Für den Fall, dass sie von den Einkünften aus dem Filmstudio nicht leben kann, hat Amanda Haas einen Plan B bereit: Dann müsse sie die Produktion ihrer Stofftiere ausweiten oder Modelle für Architekturbüros bauen. Mit der Sprache, dem Land und den Menschen werde sie sicherlich keine Schwierigkeiten haben. "England ist wie ein zweites Zuhause. Das habe ich schon bei den vielen Besuchen der Verwandtschaft auf der Insel festgestellt", sagt sie. Das liege in ihren Genen. Der deutsche Opa habe sich nach der Kriegsgefangenschaft in eine Einheimische verliebt und sie geheiratet. Ihr Vater wiederum sei mit einer Deutschen glücklich geworden. Und die Mutter war von Beruf auch noch Kindermodendesignerin. Besser könnten die erblichen Anlagen für den beruflichen Neustart in Birmingham als gar nicht sein.

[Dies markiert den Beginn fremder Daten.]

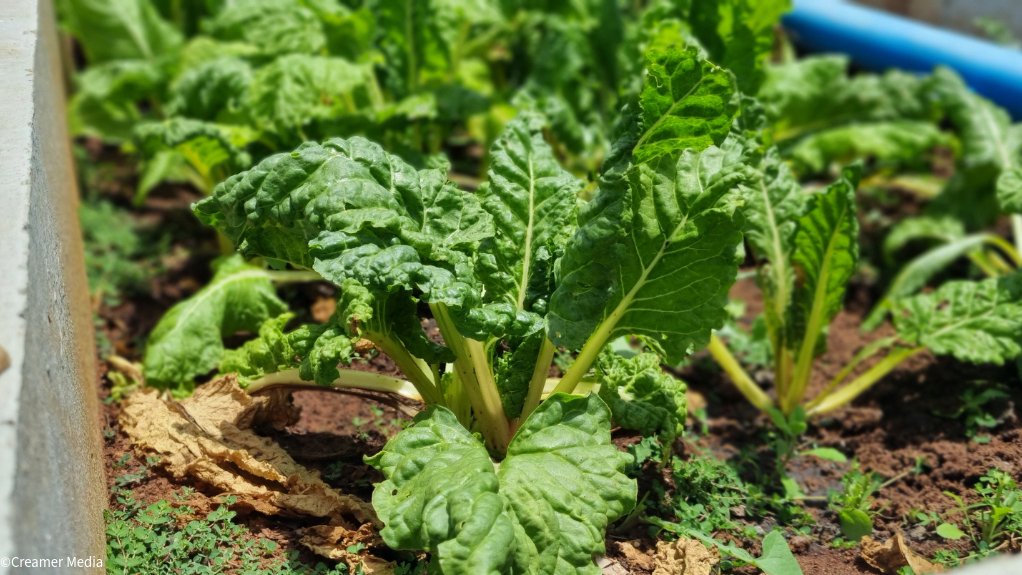 Spinach produced in raise beds at SAB Ibhayi brewery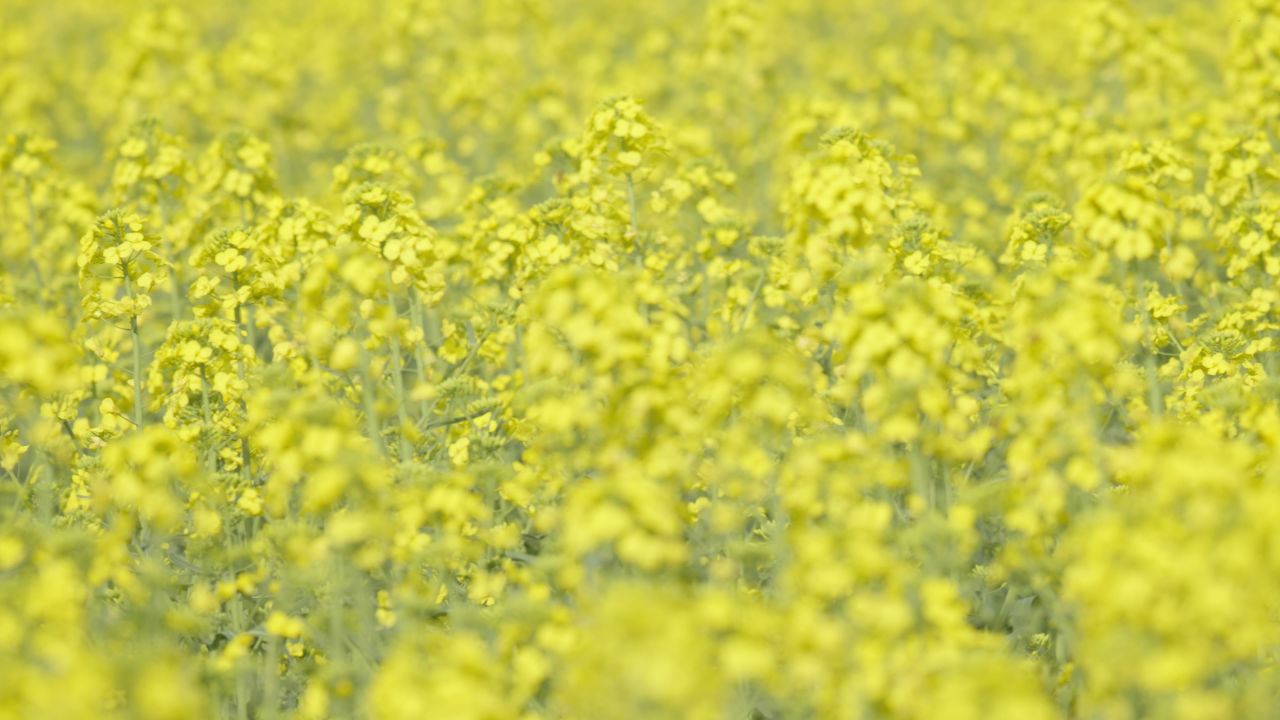 春天农村油菜花海蜜蜂采蜜 47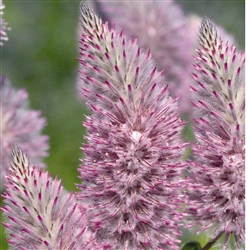 Ptilotus Joey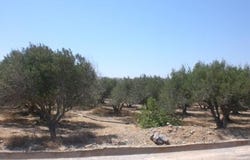 Kouremenos, Kríti 723 00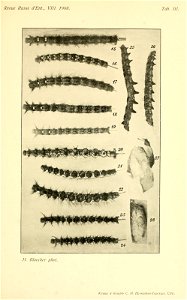 n168_w1150
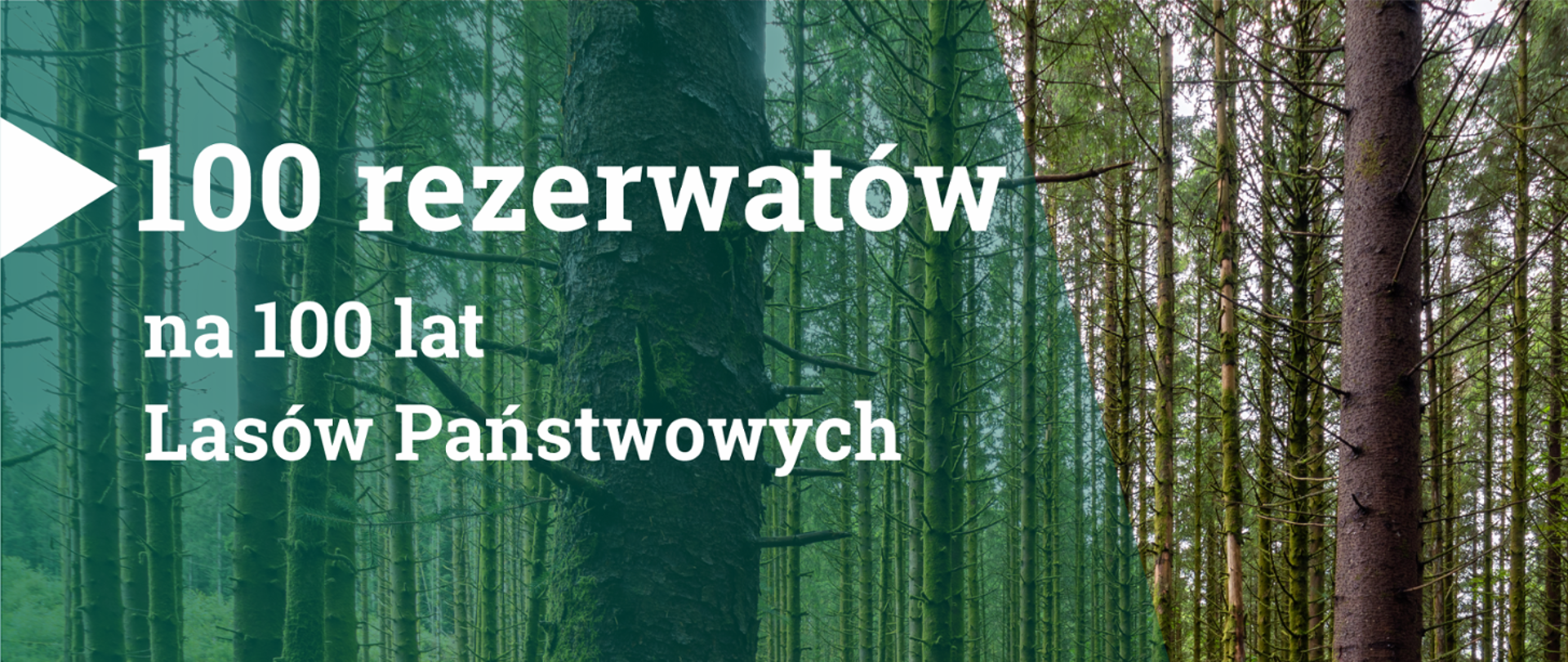 Napis na tle drzew w lesie - 100 rezerwatów na 100 lat Lasów Państwowych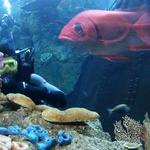Aquarium of the Pacific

Für die Krefelderin war das Interesse schon als Kind groß. Sie sah sich gerne Cartoons an. "Ich fand es spannend, wie das funktioniert, und wie das gemacht wird." Einstellung für Einstellung wurde aufgenommen, die Figuren entsprechend geformt und anschließend in einem Fluss abgespielt. Diese Art der Industrie für Stop-Motion-Filme existiert in Deutschland quasi gar nicht. In England sei da schon mehr los. Gestern packte die 30-Jährige noch ihre Kartons mit dem täglichen Bedarf, aber auch mit kleinen Koffern, Pinseln, Stühlen und Tischen - den Requisiten aus Balsaholz im Zentimetermaßstab. "Ich war handwerklich schon immer geschickt. Für mich ist der Prozess des Herstellens wie Meditation", erklärt sie. Das mache sie ruhig und zufrieden. Und so zweifelt sie nicht an der Richtigkeit ihrer Entscheidung, ein Angebot des Regisseurs ihres Lieblingstrickfilms "Der fantastische Mister Fox", Wes Anderson, abgesagt zu haben, dort ein Praktikum zu absolvieren. "Ich hoffe jetzt, dass unsere neue Puppenfilmserie im englischen Fernsehen ein Erfolg wird und ich mit der Produktion wachsen kann", erklärt Amanda Haas.